EXERCISE INSTRUCTIONS:
In the entries that follow, find the word "Green" and report each line it is on.

(RECORDS FOR THE EXERCISE begins)

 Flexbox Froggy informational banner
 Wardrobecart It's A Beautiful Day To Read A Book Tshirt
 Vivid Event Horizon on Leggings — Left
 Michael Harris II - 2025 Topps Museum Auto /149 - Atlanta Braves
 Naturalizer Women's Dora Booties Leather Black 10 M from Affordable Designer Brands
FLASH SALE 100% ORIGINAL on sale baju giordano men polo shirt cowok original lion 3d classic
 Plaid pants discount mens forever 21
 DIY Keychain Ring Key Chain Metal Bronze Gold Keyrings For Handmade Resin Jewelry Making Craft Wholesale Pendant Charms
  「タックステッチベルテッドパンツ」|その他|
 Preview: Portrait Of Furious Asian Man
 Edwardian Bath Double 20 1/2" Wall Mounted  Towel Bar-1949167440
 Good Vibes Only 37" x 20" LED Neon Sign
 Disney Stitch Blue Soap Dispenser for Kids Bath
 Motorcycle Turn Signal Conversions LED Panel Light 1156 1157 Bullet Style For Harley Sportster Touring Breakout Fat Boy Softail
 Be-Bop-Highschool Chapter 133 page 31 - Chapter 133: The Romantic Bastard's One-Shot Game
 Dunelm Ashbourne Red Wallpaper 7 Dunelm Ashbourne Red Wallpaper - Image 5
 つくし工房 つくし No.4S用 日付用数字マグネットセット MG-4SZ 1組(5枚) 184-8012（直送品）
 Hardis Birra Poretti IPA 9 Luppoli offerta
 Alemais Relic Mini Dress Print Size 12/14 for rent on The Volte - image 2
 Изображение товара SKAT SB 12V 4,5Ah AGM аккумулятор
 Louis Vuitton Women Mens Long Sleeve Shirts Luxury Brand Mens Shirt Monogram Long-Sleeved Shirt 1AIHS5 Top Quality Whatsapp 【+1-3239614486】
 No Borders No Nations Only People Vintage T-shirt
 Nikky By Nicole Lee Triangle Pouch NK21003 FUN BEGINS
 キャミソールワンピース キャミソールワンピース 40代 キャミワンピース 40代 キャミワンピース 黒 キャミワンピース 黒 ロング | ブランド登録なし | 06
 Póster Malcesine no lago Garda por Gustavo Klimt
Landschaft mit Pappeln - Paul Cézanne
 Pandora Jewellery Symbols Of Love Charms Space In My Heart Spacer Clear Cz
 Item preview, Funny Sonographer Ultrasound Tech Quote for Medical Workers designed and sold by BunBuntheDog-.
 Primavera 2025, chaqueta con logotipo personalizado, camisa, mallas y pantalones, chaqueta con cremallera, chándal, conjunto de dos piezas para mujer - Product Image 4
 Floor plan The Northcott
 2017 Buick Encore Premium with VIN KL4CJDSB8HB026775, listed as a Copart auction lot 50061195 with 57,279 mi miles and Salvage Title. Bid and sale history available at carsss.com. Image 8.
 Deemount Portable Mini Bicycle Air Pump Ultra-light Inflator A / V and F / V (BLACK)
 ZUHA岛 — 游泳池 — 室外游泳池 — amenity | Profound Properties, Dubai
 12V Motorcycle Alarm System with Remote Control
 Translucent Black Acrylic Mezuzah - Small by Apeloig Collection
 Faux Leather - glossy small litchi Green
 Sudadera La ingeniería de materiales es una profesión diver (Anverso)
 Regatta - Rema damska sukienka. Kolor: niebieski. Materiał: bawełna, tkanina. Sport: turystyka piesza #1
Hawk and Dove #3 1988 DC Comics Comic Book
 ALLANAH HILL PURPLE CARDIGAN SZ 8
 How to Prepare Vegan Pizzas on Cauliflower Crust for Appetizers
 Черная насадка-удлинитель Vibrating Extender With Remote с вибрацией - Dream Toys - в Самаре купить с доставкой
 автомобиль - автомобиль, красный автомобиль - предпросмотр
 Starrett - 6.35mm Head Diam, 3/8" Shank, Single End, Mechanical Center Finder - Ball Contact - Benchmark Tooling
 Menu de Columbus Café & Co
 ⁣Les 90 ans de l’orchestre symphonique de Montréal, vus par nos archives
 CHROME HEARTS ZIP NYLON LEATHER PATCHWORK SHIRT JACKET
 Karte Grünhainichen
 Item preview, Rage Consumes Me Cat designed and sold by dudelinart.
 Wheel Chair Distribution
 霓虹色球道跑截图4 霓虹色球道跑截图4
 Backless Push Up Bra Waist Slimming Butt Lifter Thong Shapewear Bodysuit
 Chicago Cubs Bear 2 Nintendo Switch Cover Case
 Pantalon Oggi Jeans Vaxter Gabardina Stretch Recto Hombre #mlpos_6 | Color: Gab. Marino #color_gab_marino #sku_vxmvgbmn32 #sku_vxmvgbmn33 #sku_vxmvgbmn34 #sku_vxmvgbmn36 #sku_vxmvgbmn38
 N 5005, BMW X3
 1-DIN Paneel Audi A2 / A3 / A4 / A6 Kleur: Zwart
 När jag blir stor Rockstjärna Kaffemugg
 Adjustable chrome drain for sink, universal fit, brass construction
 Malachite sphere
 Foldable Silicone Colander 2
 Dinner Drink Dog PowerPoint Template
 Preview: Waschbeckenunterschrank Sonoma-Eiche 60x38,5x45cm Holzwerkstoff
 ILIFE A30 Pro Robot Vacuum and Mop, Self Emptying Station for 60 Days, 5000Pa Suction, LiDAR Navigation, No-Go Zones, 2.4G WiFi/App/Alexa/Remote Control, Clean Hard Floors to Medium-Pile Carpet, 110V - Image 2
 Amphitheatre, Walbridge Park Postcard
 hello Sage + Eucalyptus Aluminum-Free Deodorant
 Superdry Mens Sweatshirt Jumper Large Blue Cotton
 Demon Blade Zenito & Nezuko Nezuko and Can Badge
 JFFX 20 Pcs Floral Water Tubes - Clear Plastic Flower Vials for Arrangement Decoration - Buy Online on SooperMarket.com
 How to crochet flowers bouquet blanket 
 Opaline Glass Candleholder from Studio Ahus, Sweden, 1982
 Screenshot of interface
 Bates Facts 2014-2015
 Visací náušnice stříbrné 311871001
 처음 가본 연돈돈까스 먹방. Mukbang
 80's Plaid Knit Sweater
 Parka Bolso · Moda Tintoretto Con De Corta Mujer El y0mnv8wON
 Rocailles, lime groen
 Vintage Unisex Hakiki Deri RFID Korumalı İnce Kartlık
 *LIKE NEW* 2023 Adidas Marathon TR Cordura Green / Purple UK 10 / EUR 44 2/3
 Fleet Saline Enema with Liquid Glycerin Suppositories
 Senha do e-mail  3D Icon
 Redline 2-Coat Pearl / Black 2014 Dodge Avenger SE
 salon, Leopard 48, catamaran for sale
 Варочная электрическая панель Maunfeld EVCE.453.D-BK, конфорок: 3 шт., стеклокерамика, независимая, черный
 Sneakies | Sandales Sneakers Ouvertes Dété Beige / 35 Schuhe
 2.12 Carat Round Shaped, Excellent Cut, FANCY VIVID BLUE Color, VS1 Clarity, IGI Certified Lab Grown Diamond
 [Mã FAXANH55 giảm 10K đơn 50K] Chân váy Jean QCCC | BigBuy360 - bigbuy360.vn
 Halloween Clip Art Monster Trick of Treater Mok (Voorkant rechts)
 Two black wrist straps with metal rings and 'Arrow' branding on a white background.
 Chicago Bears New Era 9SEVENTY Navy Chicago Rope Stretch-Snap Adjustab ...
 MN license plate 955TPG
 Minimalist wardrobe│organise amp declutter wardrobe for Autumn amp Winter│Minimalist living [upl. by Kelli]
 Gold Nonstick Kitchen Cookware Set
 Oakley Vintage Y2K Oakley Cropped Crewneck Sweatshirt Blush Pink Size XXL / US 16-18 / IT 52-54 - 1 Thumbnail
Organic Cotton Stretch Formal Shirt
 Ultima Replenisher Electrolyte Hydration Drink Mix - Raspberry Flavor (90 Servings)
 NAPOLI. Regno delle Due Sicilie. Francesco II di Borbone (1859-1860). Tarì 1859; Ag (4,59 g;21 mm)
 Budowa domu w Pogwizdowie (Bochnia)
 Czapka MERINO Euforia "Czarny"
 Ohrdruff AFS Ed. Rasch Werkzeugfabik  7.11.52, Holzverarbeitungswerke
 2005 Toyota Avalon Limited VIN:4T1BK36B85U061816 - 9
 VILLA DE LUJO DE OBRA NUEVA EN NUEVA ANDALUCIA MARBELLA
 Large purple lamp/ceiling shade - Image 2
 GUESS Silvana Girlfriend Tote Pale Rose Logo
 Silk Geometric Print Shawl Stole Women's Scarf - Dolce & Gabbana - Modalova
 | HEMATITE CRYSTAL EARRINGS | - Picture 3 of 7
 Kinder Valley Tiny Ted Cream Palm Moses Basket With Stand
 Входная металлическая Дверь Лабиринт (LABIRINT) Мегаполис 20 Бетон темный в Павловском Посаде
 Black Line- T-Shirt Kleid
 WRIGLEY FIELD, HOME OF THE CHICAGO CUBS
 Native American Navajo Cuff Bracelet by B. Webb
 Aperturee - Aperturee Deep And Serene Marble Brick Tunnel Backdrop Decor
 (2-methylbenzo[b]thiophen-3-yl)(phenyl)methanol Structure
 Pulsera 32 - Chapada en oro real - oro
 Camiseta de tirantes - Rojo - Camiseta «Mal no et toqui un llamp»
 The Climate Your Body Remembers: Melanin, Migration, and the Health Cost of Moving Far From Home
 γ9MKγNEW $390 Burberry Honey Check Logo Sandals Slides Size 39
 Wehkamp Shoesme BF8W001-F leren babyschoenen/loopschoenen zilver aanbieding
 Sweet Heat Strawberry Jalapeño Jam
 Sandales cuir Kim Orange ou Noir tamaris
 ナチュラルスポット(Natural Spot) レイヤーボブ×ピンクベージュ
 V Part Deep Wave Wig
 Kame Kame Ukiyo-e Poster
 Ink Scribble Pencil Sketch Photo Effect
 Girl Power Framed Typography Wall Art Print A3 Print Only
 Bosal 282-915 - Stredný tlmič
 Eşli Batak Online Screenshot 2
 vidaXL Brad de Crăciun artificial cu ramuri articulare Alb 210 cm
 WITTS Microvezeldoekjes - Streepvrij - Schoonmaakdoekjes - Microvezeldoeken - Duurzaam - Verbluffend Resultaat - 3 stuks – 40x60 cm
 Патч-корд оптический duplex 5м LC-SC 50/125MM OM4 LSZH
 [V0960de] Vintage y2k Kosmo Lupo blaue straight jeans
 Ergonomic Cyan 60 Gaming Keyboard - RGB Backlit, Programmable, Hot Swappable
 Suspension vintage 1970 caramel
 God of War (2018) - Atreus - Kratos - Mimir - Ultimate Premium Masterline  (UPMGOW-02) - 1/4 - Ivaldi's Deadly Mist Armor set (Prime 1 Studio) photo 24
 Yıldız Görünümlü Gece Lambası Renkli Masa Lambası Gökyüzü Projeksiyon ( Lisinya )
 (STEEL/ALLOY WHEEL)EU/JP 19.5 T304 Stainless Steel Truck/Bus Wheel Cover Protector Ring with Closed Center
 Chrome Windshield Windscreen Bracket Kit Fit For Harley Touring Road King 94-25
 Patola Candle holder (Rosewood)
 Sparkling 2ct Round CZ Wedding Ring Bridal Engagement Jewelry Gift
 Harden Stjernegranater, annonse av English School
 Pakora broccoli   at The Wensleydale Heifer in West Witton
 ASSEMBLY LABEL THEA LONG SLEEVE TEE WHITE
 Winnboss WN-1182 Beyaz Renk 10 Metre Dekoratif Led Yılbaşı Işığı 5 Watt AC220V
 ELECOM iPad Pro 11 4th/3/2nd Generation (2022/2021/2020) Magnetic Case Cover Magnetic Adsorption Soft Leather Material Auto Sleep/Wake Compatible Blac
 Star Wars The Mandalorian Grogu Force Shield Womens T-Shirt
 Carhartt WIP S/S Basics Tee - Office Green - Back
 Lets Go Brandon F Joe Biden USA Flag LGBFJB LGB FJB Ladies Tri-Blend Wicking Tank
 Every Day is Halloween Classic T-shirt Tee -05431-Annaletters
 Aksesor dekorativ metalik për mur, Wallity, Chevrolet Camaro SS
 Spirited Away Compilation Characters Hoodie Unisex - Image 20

(RECORDS FOR THE EXERCISE ends)

SOLUTION:
 Faux Leather - glossy small litchi Green
 *LIKE NEW* 2023 Adidas Marathon TR Cordura Green / Purple UK 10 / EUR 44 2/3
 Carhartt WIP S/S Basics Tee - Office Green - Back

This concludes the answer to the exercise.